You were right to advise her not to step down the ladder in the corporate world. With her superior attitude, she'd never make it "down here at the bottom." -- ADMINISTRATIVE ASSISTANT WITH AN MBA

Monday, January 30, 2006

More on Adminzilla's Demise

I guess she was a little bit wilder than I thought.
 
I was online last night trying to avoid compulsively overeating when someone from my past, the Burger King guy, messaged me.
 
His Royal Highness was a Director here until he decided to quit and form his own company. Not too long ago, rumors were abounding that he wanted to come back. I have no doubt they were true, as he actually told me once that I might soon see him back here (http://asecretaryslife.blogspot.com/2005/11/guess-whos-trying-to-come-back.html#links).
 
But he apparently has given up and forged ahead with this position at the company that he owns a part of.
 
Anyway, he messaged me last night and we chit chatted. He remarked about Adminzilla's departure and how funny it was.
 
We commiserated about her and MJ; both had major personality defects. He asked if things were better since MJ's demise, I said they were and that I thought she was a bully; he agreed and added that she thought she was 'bulletproof'. Then he gave me some more dirt on Adminzilla's antics at the party.
 
Apparently, she followed a VP into the men's bathroom, got a look at his bits, then proceeded to joke to the VP's wife, in front of said VP, about how small his bits were. At that point, Napoleon told her that she'd had too much to drink and to go home. People had seen her follow that guy into the bathroom and no one really knew what had happened. He was very mum about it. Now we know why.
 
God, what an idiot. It just gets worse and worse the more you know about what actually happened.
 
The Burger King asked me to keep it quiet; basically, the usual 'you didn't hear it from me' song and dance. It will be hard to keep this juicy gossip to myself, but I must. Ah well...such is life. Twiggy would love to hear this, but I shall remain silent. The minute I told her would be the minute that the whole department found out. And his royal highness would be quite angry with me. So I shall keep this to myself. :) Indeed. :)

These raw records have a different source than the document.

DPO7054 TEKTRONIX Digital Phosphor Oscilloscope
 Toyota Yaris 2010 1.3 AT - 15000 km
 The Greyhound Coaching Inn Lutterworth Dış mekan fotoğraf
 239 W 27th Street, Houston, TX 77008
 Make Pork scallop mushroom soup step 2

Peanut Butter is Driving Me Nuts

Peanut Butter (see his adventures here: http://asecretaryslife.blogspot.com/2005/11/twiggys-only-happy-when-it-rains.html#links) has me doing those ridiculous letters for him again.
 
They are all written in a very formula, very rigid way. Reading them is as painful as attempting to swallow razor blades. I know some people would say that that simile is also apt for my blog. Hey, I don't care much how I write here. But if I am writing a business letter, I am pretty careful about how I write it.
 
The way he goes about this crap is so archaic. You have to manually switch around the names in the last paragraph because he tells the recipient that he is writing in order to find the most appropriate person to meet with for a 30 minute appointment. He says to them, "I have sent this letter to you and to A,B, and C. Please let me know...." blah blah blah. It just sounds incompetent. He insists on personally inspecting and signing each and every one of these letters. I hate that. My work is very good, usually error-free on the first try.
 
He asked for my help on the letters and for the love of God, he needs it. I rewrote his letter for him so it sounded more go-getter. He rejected most of my changes and wrote me this:
 
For this letter I made one of the changes you suggested but left the opening paragraph alone. I appreciate your suggestions and feel free to give me input whenever you think it's appropriate.
 
He makes it sound as if he's going to break my heart by not utilizing my suggestions. Trust me, Peanut Butter, you're not going to break my heart, but I will hate to see your eventual humiliation when you become unemployed. I think what drives me nuts about him is that he is such a control freak and he acts like I am affronting him by offering suggestions on how to do things better or more easily. This bit above sounds quite innocuous, right? That's because you haven't seen him in the flesh and witnessed the control freakdom. I mean, this guy will blanch at the slightest suggestion that he might be able to do something a little more easily or better. He'll blanch.
 
I haven't encountered this attitude with anyone else that I work with. I know how to offer suggestions in a way that doesn't come across as intimidating. Before I offer a suggestion or idea, I roll it around in my head to determine if it's worth offering, if it's workable, and how to offer it in such a way as to ensure its warm reception by the intended recipient. I am practiced in couching suggestions and ideas in non-intimidating language.
 
I think there is something a little wrong with him. His level of computer illiteracy seems to be higher than most of the other guys, and he seems to be trying hard to hide the fact instead of trying to learn. I would be more than happy to teach him and in my interactions with helping him with stuff, I try to be nurturing and bolster his confidence. I try to assure him that there is nothing wrong with asking questions and that I am happy to help him learn; it is what I am paid to do. Alright, no it's not, but he is a human being and I hate seeing people feeling ashamed of their ignorance when it comes to computers.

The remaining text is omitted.